ECLI:NL:RBZWB:2021:2600
Rechtbank Zeeland-West-Brabant
- Eerste aanleg - enkelvoudig
- Rechtspraak.nl
Weigering tegemoetkoming op grond van de Tijdelijke overbruggingsregeling voor flexibele arbeidskrachten (Tofa) aan werknemer werkzaam in Bonaire
In deze zaak heeft de rechtbank Zeeland-West-Brabant op 25 mei 2021 uitspraak gedaan in een geschil tussen een eiser en de minister van Sociale Zaken en Werkgelegenheid. De eiser had een aanvraag ingediend voor een tegemoetkoming op grond van de Tijdelijke overbruggingsregeling voor flexibele arbeidskrachten (Tofa). De minister weigerde deze aanvraag in een besluit van 30 juni 2020, omdat de eiser niet voldeed aan de voorwaarden van de regeling. Dit besluit werd in een bestreden besluit van 8 juli 2020 bevestigd, waarbij het bezwaar van de eiser ongegrond werd verklaard.
De rechtbank heeft op 19 mei 2021 de zaak behandeld, waarbij de eiser en zijn ouders aanwezig waren, maar de minister niet. De kern van het geschil was of de eiser als werknemer in de zin van de Tofa kon worden aangemerkt, aangezien hij zijn werkzaamheden in Bonaire verrichtte. De minister stelde dat Bonaire niet als Nederland wordt beschouwd voor de toepassing van de Tofa, waardoor de eiser geen recht had op de tegemoetkoming. De rechtbank oordeelde dat de wetgever bewust had gekozen voor strikte criteria zonder hardheidsclausule, waardoor de eiser niet in aanmerking kwam voor de regeling.

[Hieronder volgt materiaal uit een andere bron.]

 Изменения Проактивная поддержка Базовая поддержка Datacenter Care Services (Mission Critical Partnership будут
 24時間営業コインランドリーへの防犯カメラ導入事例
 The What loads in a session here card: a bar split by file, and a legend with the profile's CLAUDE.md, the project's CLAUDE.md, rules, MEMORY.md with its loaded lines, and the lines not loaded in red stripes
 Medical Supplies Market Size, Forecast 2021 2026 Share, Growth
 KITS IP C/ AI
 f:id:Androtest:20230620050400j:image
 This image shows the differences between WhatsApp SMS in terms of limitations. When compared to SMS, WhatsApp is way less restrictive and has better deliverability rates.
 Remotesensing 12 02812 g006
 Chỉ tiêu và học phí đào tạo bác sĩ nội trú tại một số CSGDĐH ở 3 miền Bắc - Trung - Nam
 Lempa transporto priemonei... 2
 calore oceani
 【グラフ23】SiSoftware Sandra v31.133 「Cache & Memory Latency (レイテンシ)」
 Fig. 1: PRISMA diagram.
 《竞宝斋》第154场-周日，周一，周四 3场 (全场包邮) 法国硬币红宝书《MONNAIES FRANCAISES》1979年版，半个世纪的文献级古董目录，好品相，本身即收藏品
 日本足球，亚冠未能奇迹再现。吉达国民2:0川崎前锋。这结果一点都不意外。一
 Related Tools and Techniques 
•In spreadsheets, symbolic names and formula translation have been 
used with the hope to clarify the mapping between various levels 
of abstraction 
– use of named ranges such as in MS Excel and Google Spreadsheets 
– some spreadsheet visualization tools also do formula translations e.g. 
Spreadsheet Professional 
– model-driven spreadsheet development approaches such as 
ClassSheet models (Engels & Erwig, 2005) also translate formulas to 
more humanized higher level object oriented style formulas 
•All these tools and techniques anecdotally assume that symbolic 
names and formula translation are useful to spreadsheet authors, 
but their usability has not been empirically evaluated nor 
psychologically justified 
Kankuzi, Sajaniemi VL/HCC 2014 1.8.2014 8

De rechtbank verklaarde het beroep van de eiser ongegrond, met de overweging dat de Tofa een tijdelijke regeling is die snel en robuust moest worden uitgevoerd. De rechtbank kon geen rekening houden met bijzondere omstandigheden, en de minister had terecht de aanvraag afgewezen. Er werd geen proceskostenveroordeling opgelegd. De uitspraak werd openbaar gemaakt op www.rechtspraak.nl.